For each radio frame, its TFC is known and implies how much data will be transmitted in the frame. Suppose the current TFC is TFC_j. Based on 3GPP standard 25.222, Section 4.2.7.1, the SET₁is defined as the physical channel capacity set which meets the amount of data in the current frame.

SET₁={n_datasuch that

$(\min_{1 \leq y \leq I} {R M_{y}}) \times n_{data} - P L \times \sum_{x = 1}^{I} R M_{x} \times N_{x, j}$

is non negative}

where

RM_y: semi-static rate matching parameter for TrCH y.

I: the maximum number of TrCHs.

n_dataan element in N_dataset.

PL: semi-static puncturing limit.

N_x,j: data size of TrCH x on TFC_j

n_data,j=min SET₁

n_data,jis the minimum physical channel capacity needed for data in the current radio frame.
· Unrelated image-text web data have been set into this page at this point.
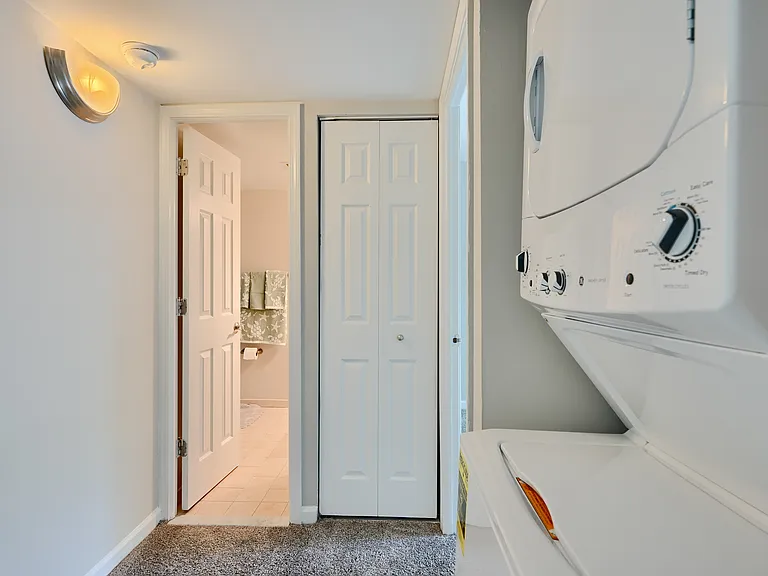 Westchester West Apartments — Photo 42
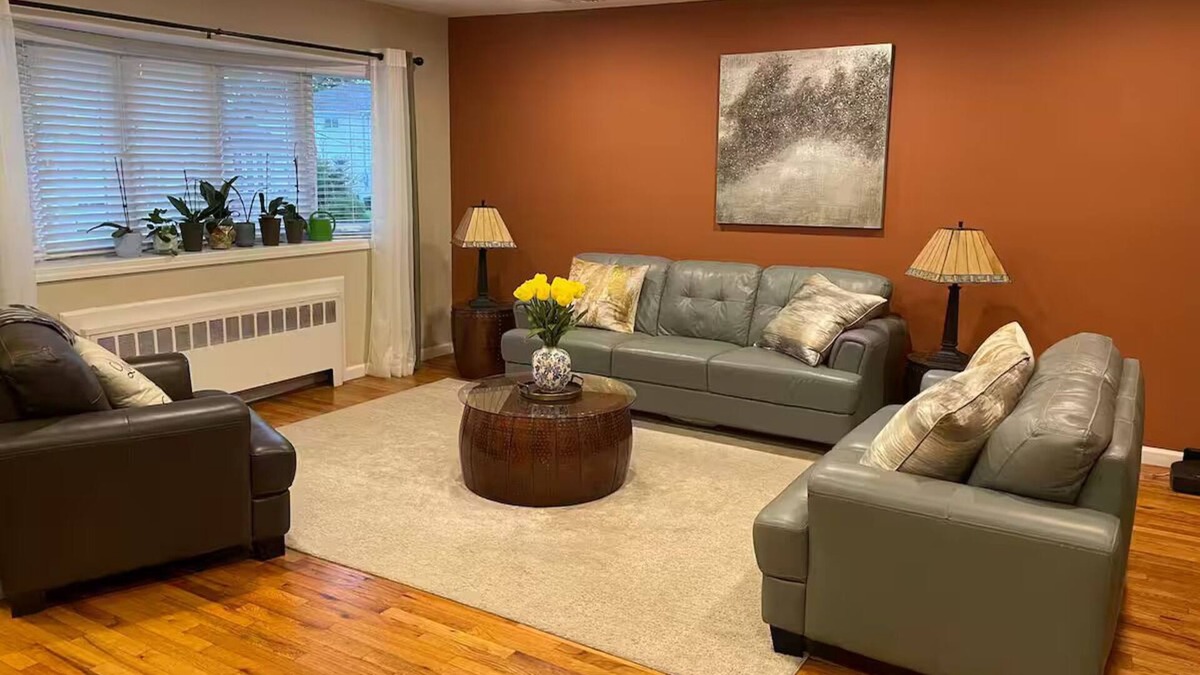 Freeport House | Charming 2-bedroom house with WiFi, AC in wonderful Freeport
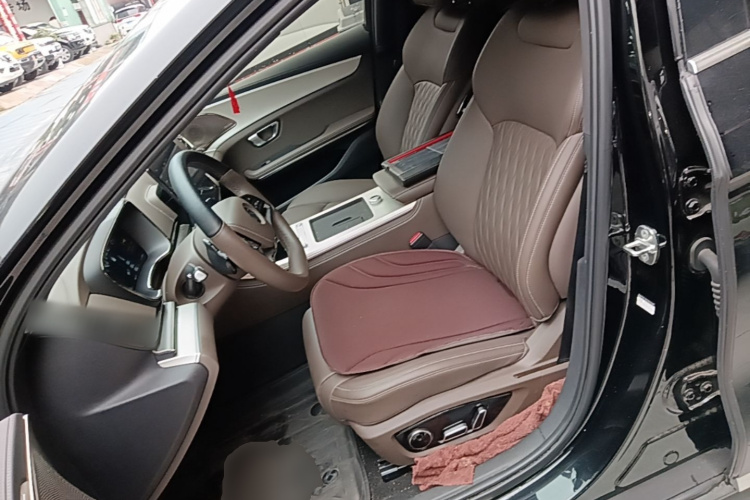 BYD Han 2025 #15 BYD Han 2025 car image #15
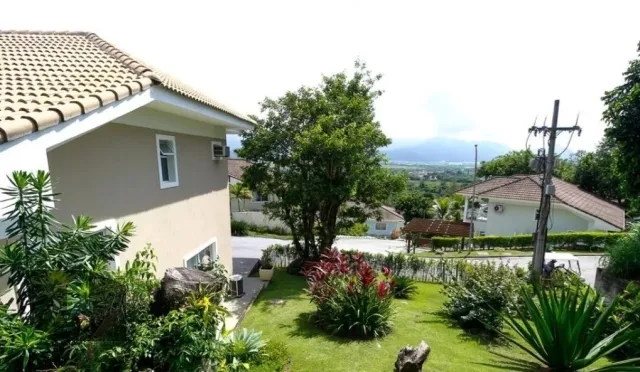 Furnished house with 4 bedrooms and mountain views — photo 12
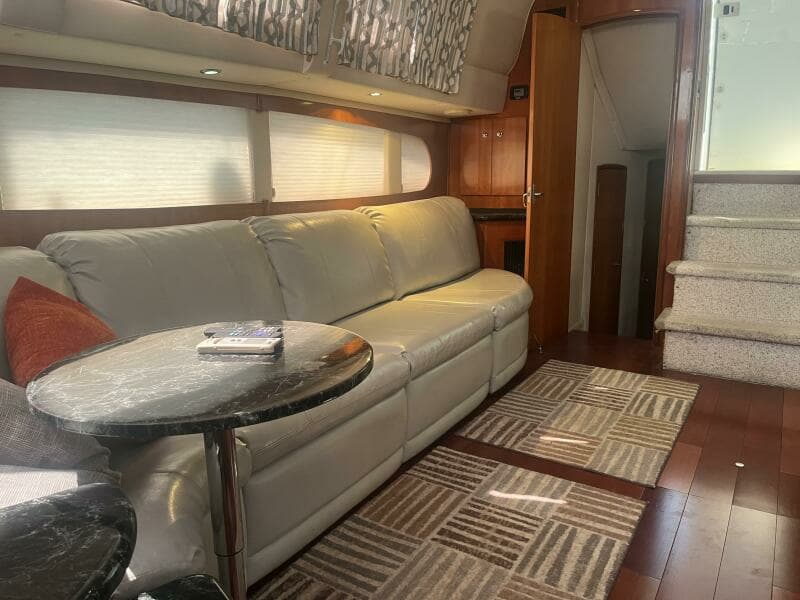2001 Carver 396 Motor Yacht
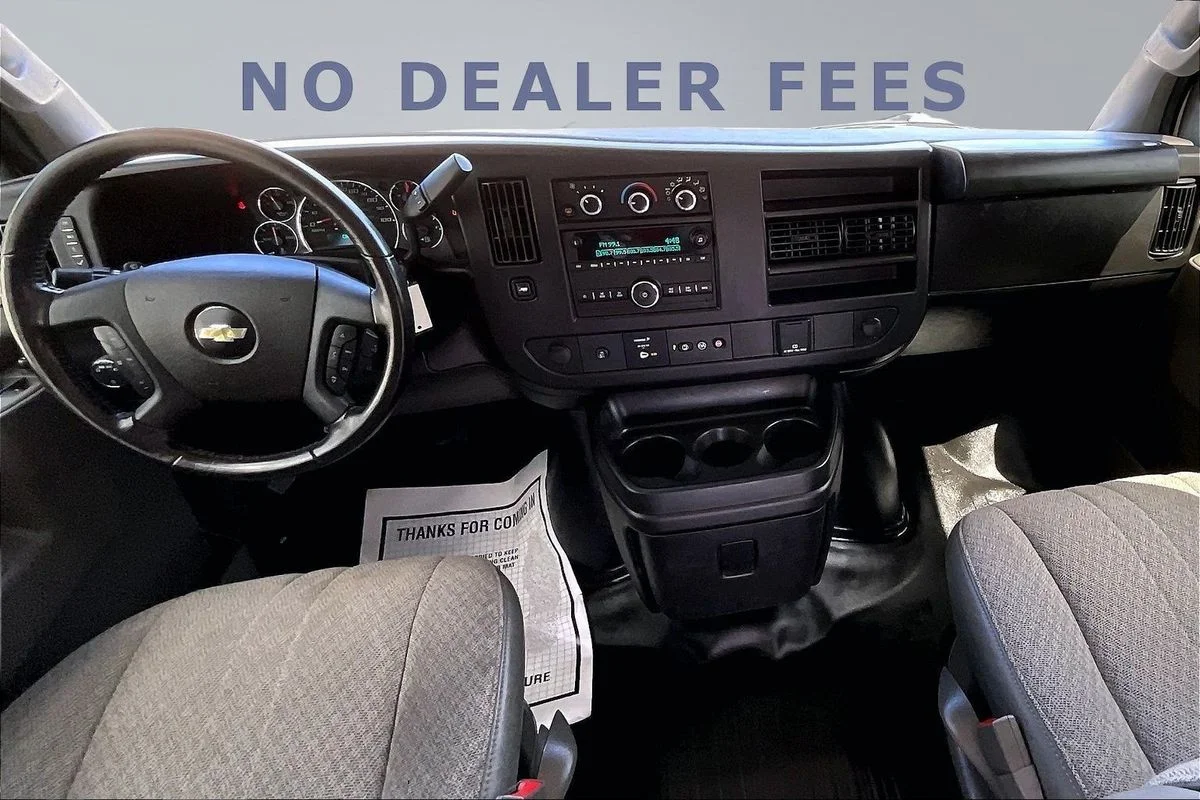 Used 2023  Chevrolet RWD 2500 Regular Wheelbase WT image 8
With n_data,j, a UE can determine the corresponding physical channels and their spreading factors based on the set N_data. Therefore, a UE can know how many uplink slots are used for the frame, and what uplink slots are not used.

In one aspect, if a UE does not consume all uplink configured slots (such as when less data exists or a lower transmit power is allowed), the unused uplink slots may be set aside as a gap or combined (if nearby slots are not configured for the UE) to form a bigger gap and allocated for measurement purposes.

In another aspect, a UE can use a physical channel capacity selection algorithm to adjust the used slots based on the UE's need, while unused slots become a gap, or increase a gap if the following slots are not used for downlink for the UE.

For example, in a certain situation a UE may be allocated three time slots by a base station, but may need two slots for inter-RAT measurement, leaving only one slot for transmission. The UE may determine which allocated physical channels are in the transmission slot. It may then run the channel selection algorithm to determine which TFC best fits the physical channel in the transmit slot. That TFC will be selected for transmission in the transmit slot while the remaining slots will be used by the UE for inter-RAT measurement.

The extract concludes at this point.